### DIRECTIONS FOR THIS TASK:
Skip any image you find and restate the rest of the data word for word.

### COLLECTED MATERIAL:
^^^^^^^^

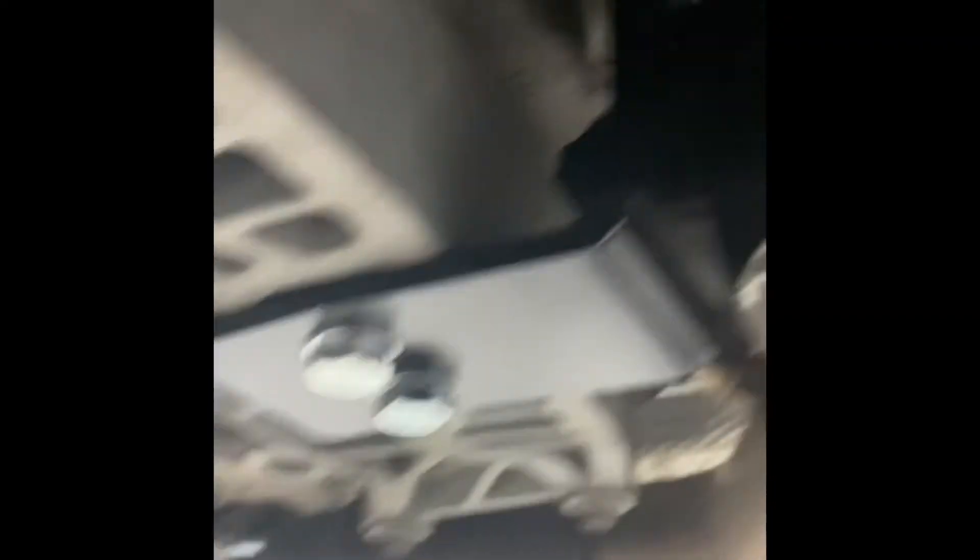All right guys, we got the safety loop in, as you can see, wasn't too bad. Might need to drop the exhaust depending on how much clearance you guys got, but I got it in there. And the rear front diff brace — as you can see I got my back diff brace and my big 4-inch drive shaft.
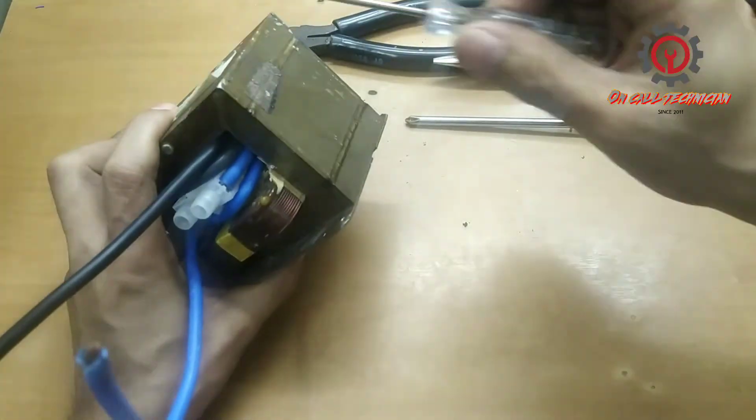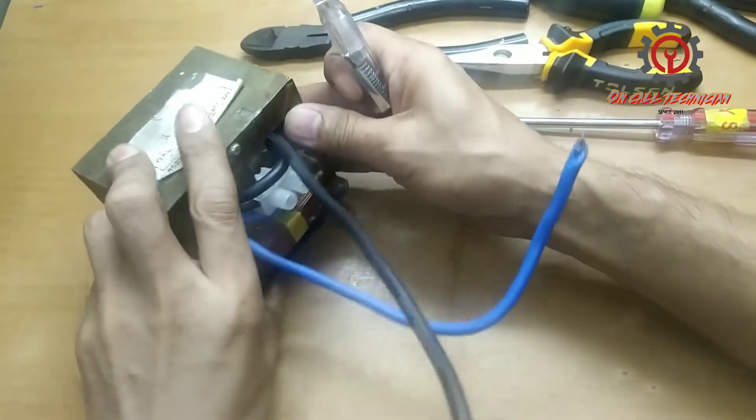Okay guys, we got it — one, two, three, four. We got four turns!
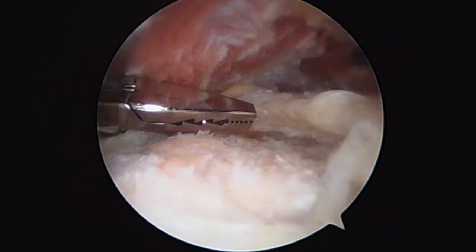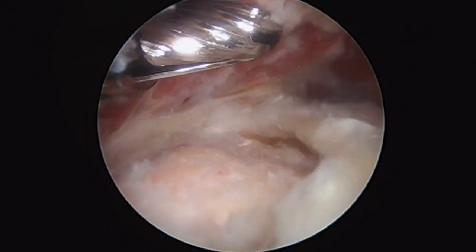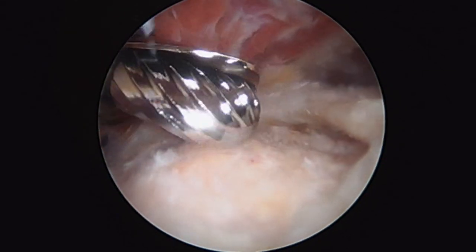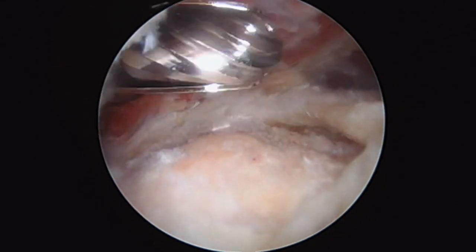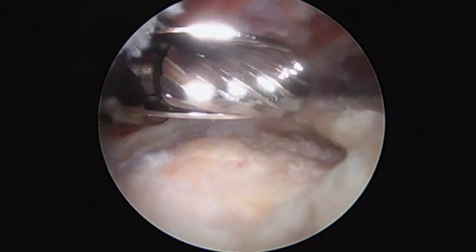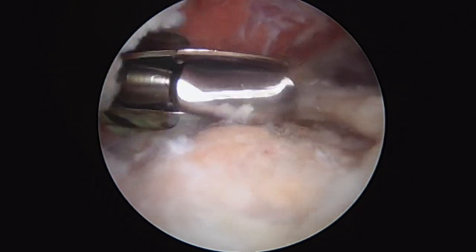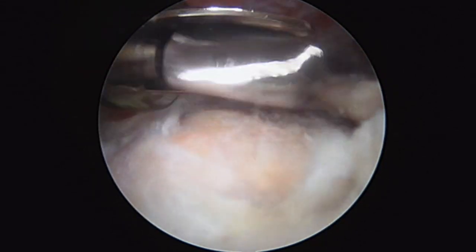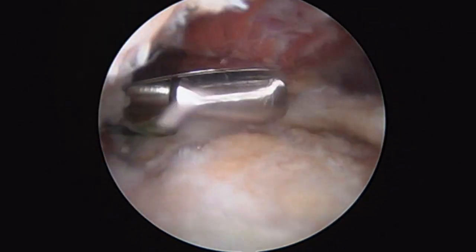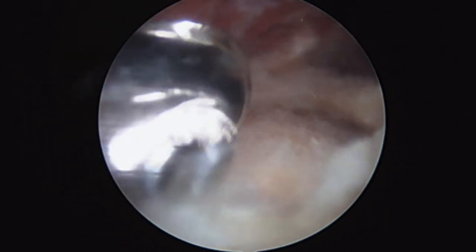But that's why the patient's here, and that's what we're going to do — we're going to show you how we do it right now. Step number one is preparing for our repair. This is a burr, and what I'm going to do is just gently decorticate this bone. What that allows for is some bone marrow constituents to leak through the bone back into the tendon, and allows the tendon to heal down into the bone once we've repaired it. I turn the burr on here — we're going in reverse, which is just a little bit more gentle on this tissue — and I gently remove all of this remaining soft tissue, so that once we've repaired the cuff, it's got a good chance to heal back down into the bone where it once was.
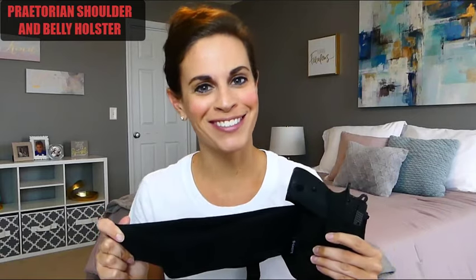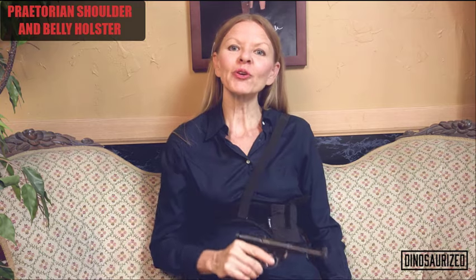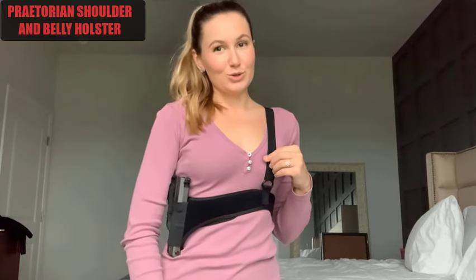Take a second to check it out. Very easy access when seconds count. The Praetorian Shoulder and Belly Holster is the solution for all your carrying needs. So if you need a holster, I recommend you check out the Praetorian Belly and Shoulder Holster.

^^^^^^^^

### EXERCISE ANSWER:
All right guys, we got the safety loop in, as you can see, wasn't too bad. Might need to drop the exhaust depending on how much clearance you guys got, but I got it in there. And the rear front diff brace — as you can see I got my back diff brace and my big 4-inch drive shaft.
Okay guys, we got it — one, two, three, four. We got four turns!
But that's why the patient's here, and that's what we're going to do — we're going to show you how we do it right now. Step number one is preparing for our repair. This is a burr, and what I'm going to do is just gently decorticate this bone. What that allows for is some bone marrow constituents to leak through the bone back into the tendon, and allows the tendon to heal down into the bone once we've repaired it. I turn the burr on here — we're going in reverse, which is just a little bit more gentle on this tissue — and I gently remove all of this remaining soft tissue, so that once we've repaired the cuff, it's got a good chance to heal back down into the bone where it once was.
Take a second to check it out. Very easy access when seconds count. The Praetorian Shoulder and Belly Holster is the solution for all your carrying needs. So if you need a holster, I recommend you check out the Praetorian Belly and Shoulder Holster.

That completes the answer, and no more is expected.